Experimentation, do a 12 hour reflux. Base and distill your diethylamine, note your yield. Next time go for 16 hours and note your yield next time 20 hours and note your yield. See were I am going, you will hit a ceiling were even with more time the yield wont increase. And if you are in a good mood once you work out the optimal time come back here and post it! To help anyone else that finds themselves in your position in future (and we did help a bit).

Question edited for reality;

"If I just set a beaker on top of the hot heating device, won't it break the cold glass"
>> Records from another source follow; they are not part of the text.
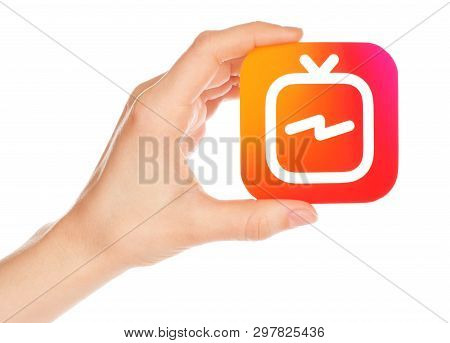 Kiev, Ukraine - February 21, 2019: Hand Holds Instagram Tv Icon Printed On Paper. Igtv Is A Standalo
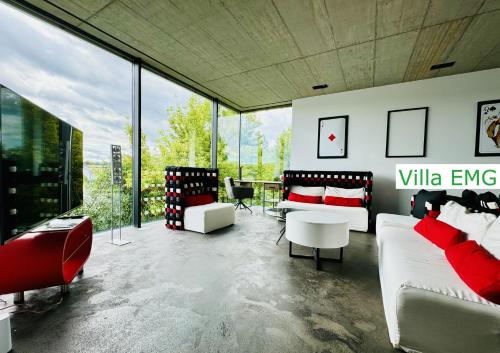 a living room with red and white furniture and large windows at Luxury Villa EMG Frankfurt Heidelberg - Bensheim in Bensheim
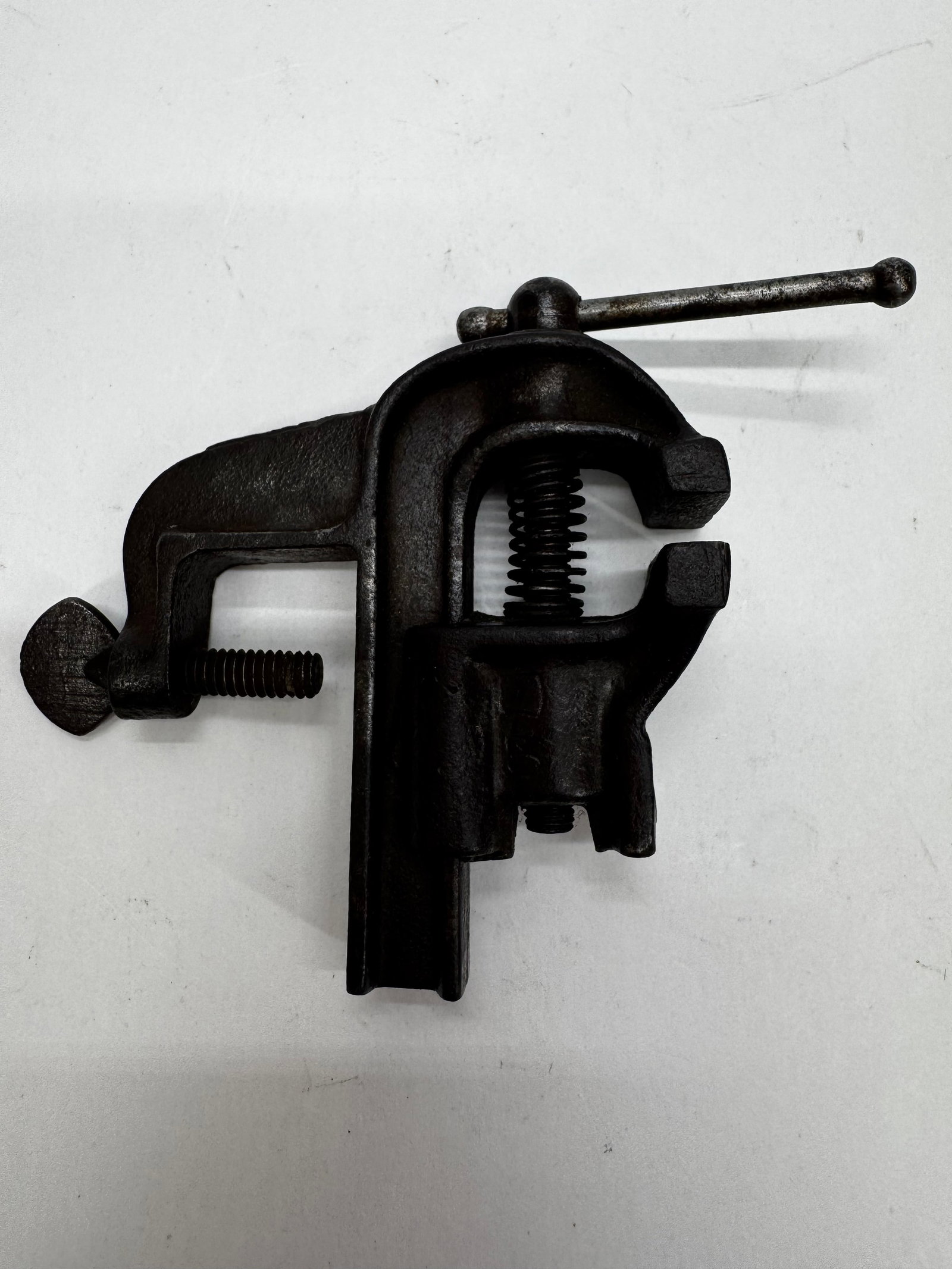 Vintage Watchmaker Jeweler Bench Vise Cast Iron: Vintage cast iron watchmaker’s or jeweler’s bench vise with a table clamp for secure mounting. Features small precision jaws for holding watches, jewelry, and other delicate workpieces during repa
Yes it is a good idea to warm the glass and hotplate up together. But remember that while its not indestructable lab glass is usually borosilicate glass which is indeed more resistant to thermal shocks and so forth.

"And how will I be able to control the temperature, I've read you shouldn't plug them directly into a wall, but instead something else that controls the time the power source is used, etc etc. Is this true?"

That is a good idea for a 16 hour reflux for example, it will turn itself off when finished. If you are worried about power surges etc, dont be I always plug my hotplate/magstirrer straight into the wall. The temperature is controlled via the dial on the front.

NOW GET TO WORK, I am busy! I have some serious research to do! I cant be holding your hand all the way, I have given what you need, Google and Wiki can fill the gaps. If you have a real problem, come back and ask.

Im not using a beaker, but a Erlenmeyer flask. Bad typo.

I'll be sure to look in wiki before posting for now on.